Feng San San is another designer showing his collections at Chic who is drawing inspiration from traditional Chinese culture. After the initial success of his couture creations embellished with folkloristic elements from Tibet or the Peking Opera, Feng is targeting the mainstream market now. He plans to sell his commercial collection online from next year, hoping to appeal to customers from 18 to 35 years with a modern take on traditions.
“In daily life, clothes with traditional elements are not worn as much yet,” Fen San San said in Shanghai. “But if I can create a feeling with my designs that resonates with people, they’ll buy because they like it.”
Despite the renewed interest in traditional clothing as embodied by the Hanfu-movement, it still remains to be seen whether young consumers will buy into distinct “Chinese” designs. Millenials in China, like elsewhere, are drawn to hyped streetwear brands such as Supreme and international fast-fashion retailers like Zara and Uniqlo.
When facing fierce competition in the fashion market, being able to build a brand remains key to success whether at home or abroad. In September, Shanghai-based brand Icicle opened its first flagship store outside China in Paris.

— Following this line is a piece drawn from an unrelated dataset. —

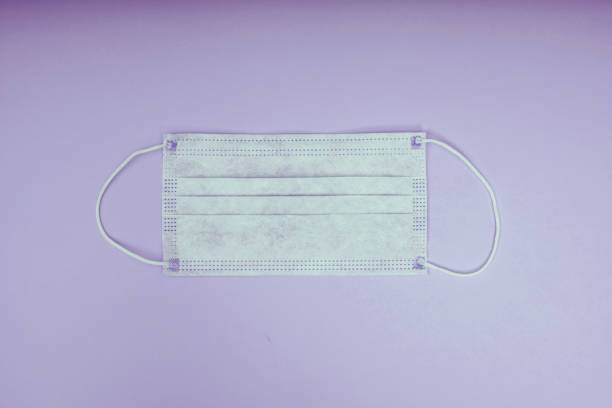 istock Protective medical mask. Personal protective equipment. Coronavirus pandemic. 1216871223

The company also acquired French fashion house Carven in October last year. Bosideng, one of China’s most well-known down outerwear brands with more than 7,000 monobrand stores in China, closed its store in London in 2017 only to reopen it a year later. The brand is expanding in Europe via its Italian subsidiary and is being sold at 550 multi-brand stores from Italy to Russia.
One of the most crucial questions for the future of the Chinese fashion industry remains as to whether its companies will succeed in establishing their brands with global consumers. This will, in return, also help to elevate their brand image at home.
“How can a brand be developed? It’s an accumulation. The product must be well-made and from here on a brand can be built up. Then we can speak about such things as taste or artisanship,” said Chen Dapeng.
For now, the trend of acquiring international brands to enter broader markets and learn about the soft skills needed to woo consumers still remains – at least for conglomerates with deep pockets. The past years have seen the acquisition of Parisian fashion house Lanvin and Austrian hosiery maker Wolford by Fosun, while Shandong Ruyi bought Bally and Aquascutum.
Acquisitions will remain a way to learn and get involved, it’s sensible to expect a Chinese brand with international clout to emerge within the next ten years, said Keh. The same might be true about a new ‘Made in China’ style. After flipping through runway pictures, photos of typical Chinese streets and a coat printed with the package design of an iconic coconut drink, the trailer of the first Li-Ning fashion contest concludes:
“A trend won’t be achieved overnight but, hey, we’ve started! One day, there won’t be a Chinese fashion trend anymore, just a trending style. And everyone worldwide will know about it, because you’re really on-trend.”